Europe’s energy system has entered a new phase, one defined less by access to supply and more by its ability to operate under sustained stress. Ahead of SuperReturn Energy Transition, Yana Popkostova, Founder & Managing Director, European Centre for Energy and Geopolitical Analysis, explains why energy security has re-emerged as a core national security issue, how electrification reshapes dependency, and why grids and execution capacity now define risk for investors and policymakers alike.

Q: Following the 2022 energy crisis, how has the definition of 'energy security' changed within the EU? Is it now viewed more as a national security issue rather than just an economic one?

A: The real shift since 2022 is not that energy security has become a matter of national security - it always was. What has changed is the nature of the exposure and the way vulnerability manifests.

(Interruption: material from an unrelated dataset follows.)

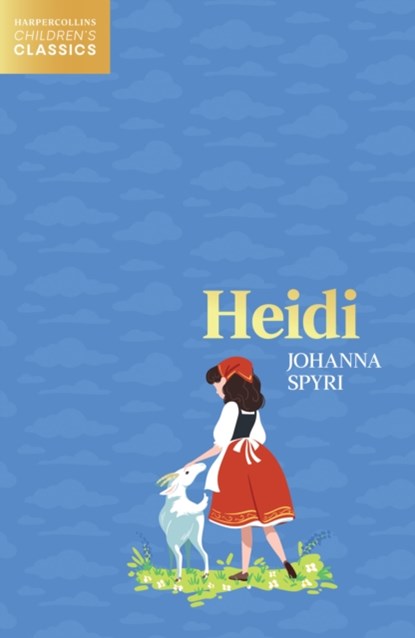 Heidi, Johanna Spyri - Paperback - 9780008514341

In the pre‑2022 system, risk was geographically anchored: pipeline routes, a dominant supplier, a bilateral relationship. Today’s EU energy system is far more diffuse. Europe now operates within globally priced, tightly coupled markets, where price formation and industrial interdependencies, rather than physical interruption alone, define exposure. Energy security is thus shifting from supply to system integrity under stress.

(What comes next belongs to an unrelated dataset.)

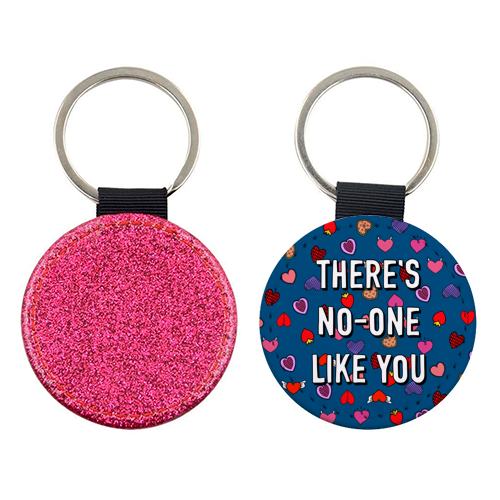 There's No-one Like You - keyring by Adam Regester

This can be far more insidious, as laid bare by the Middle East conflict. Europe’s direct reliance on Gulf molecules is limited, yet it remains exposed to global price and allocation dynamics, particularly as disruptions to oil and LNG flows reverberate through refining systems and industrial value chains, from petrochemicals to fertilisers. The impact is therefore less about physical shortage and more about price dislocation and pressure on industrial competitiveness.

Energy shocks now cascade across transport, agriculture, fisheries, manufacturing and defence faster than institutions can respond. Despite post‑2022 adjustments, Europe remains painfully exposed, once again considering demand‑side coping measures reminiscent of the 1970s. In this sense, control has shifted further outward. Europe no longer has even the illusion of setting the terms of adjustment; it is left absorbing them. Electrification and decarbonisation will provide relief, but not immediately. While they reduce some geopolitical frictions, they introduce new concerns related to grids, digital networks and concentrated supply chains.

"Europe no longer has even the illusion of setting the terms of adjustment;
it is left absorbing them.”
- Yana Popkostova

The EU energy system is now more exposed to external shocks and more dependent on its ability to operate under stress. This is why energy security has reasserted itself as a strategic, and indeed systemic, concern, no longer defined only by access to supply, but by the resilience of interconnected systems. This firmly places energy security at the core of national security and strategic autonomy, particularly in a context of limited short‑term alternatives, industrial pressure, defence demands, fiscal constraint and two wars at Europe’s doorstep.

Q: As Europe moves away from fossil fuels, it faces a new dependency on critical minerals and technologies (batteries, solar panels) often controlled by a few nations, particularly China. How can Europe secure its supply chain without simply swapping one dependency for another?

The notion that Europe is “swapping one dependency for another” is analytically insufficient.

The energy transition redistributes value and risk across different layers of the system, with different temporalities and forms of control. In the fossil paradigm, exposure was concentrated upstream in resource ownership and extraction. In the emerging energy transition system, it shifts downstream into processing, manufacturing and system integration, where value capture and strategic leverage increasingly reside.

Europe accounts for roughly a quarter of global clean technology inventions, yet it has not translated this into industrial scale. The EU’s target to produce 40% of its clean technology needs domestically by 2030 reflects the depth of current dependency.

The gap between innovation and manufacturing has become a defining strategic vulnerability.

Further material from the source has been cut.